Brad Rock: Jazz fans have plenty of reasons to be optimistic about franchise's future
SALT LAKE CITY — There a lot of halves around, when you think about it. Half moon, halftime, half-baked, halfway house.
And don't forget that half-decimated team, the Utah Jazz.
What's that song? Suddenlyyyy, they're not half the team they used to beeeeee ...
The Jazz closed out the season the way they closed out a lot of games this year — with about half the lineup healthy. It looked like class roll during flu season. Bell? Fesenko? Kirilenko? Okur? Price? Miles?
All absent. So in a literal sense, the Jazz are limping into the off-season.
Wednesday's 107-103 win over Denver ended one of the most turbulent years in franchise history. It also completed the demise of a once-great playoff tradition. Used to be the Jazz showed up for the postseason on cue. Now the only games the Jazz will play in May will be on PlayStation. They finished with their worst record (39-43) since 2004-05. Which raises the question: Where do they go from here, the scrapyard? The emergency room? The Mental Health Association?
"We've been through a lot," said center Al Jefferson, "but at the same time, our fans have been through a lot, too."
Despite their losing 10 of their last 13 games, they also won three of their final five. Utah isn't a federal disaster area yet.

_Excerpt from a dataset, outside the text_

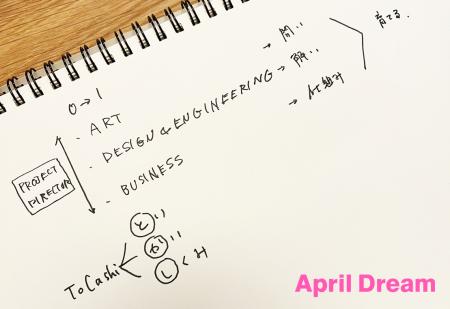 Toi-問、Cai-解、Sikumi-仕組の力を結集し、熱情を次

"There's always an adjustment," Jefferson said. "But if guys get back healthy ... and you don't know whatever changes are going to be made ... I'm not going to tell you the season went the way I wanted it to. I came here to get to the playoffs, and I still believe in my heart that's what we're gonna do."
Just not this year.
So the Jazz move on. But to what?
Here are five reasons to believe the Jazz will be a playoff team next season:
Big Al, Devin Harris. The Jazz center has the potential to become a team leader, both on and off the court. Emotional, enthusiastic and charismatic, Jefferson scored 20-plus points 37 times.
The Jazz spent the second half of the year without a true team leader. Next year Jefferson can start asserting himself from the first practice. Harris isn't Deron Williams, but he's not Howard Eisley, either. In fact, he's a former All-Star.
Youth. These guys remain mostly kids. Jefferson, a seven-year veteran, is still only 26. Derrick Favors is 19, Jeremy Evans 23, Gordon Hayward 21, Paul Millsap 26, Harris 28, Ronnie Price 27, C.J. Miles 24. Babies, compared to guys like Steve Nash and Tim Duncan.
Youth isn't a plus unless you can play. Luckily for the Jazz, these guys can. Witness Evans' and Favors' dunks in the first half and Hayward's in the second half against Denver, not to mention Hayward's 34 points. OK, we mentioned it.
It's enough to make even cynics smile.
Attitude. Bad as the Jazz were down the stretch, they beat L.A., New Orleans and Denver in April, something they had trouble doing even when Carlos Boozer and Deron Williams were around. They could have mailed in the last week of the season. Wednesday, in a meaningless game, Harris dived into the crowd to save the ball.
You can't fake that stuff.
Draft picks. The Jazz are lined up to get two lottery picks. Last year they drafted Hayward (No. 9). Before that it was Williams (No. 3). Harris (5) and Favors (3) were also lottery picks with other teams.
Adding two more players is a luxury few teams enjoy.
Injuries (or lack thereof). The Jazz did most of their work without Mehmet Okur this year, which means when he does return, it's a bonus — as long as everyone else stays out of the hospital.
Last time they were supposed to be toast — after John Stockton retired and Karl Malone left — they won 42 games and narrowly missed the playoffs. This is a smaller project than that.
Hence, the Jazz are moving forward.
"I'm as excited as when I first got here — and I'm not just saying that," Jefferson said, "I know things are going to turn around."
Heaven knows they'll have plenty of time to work at it.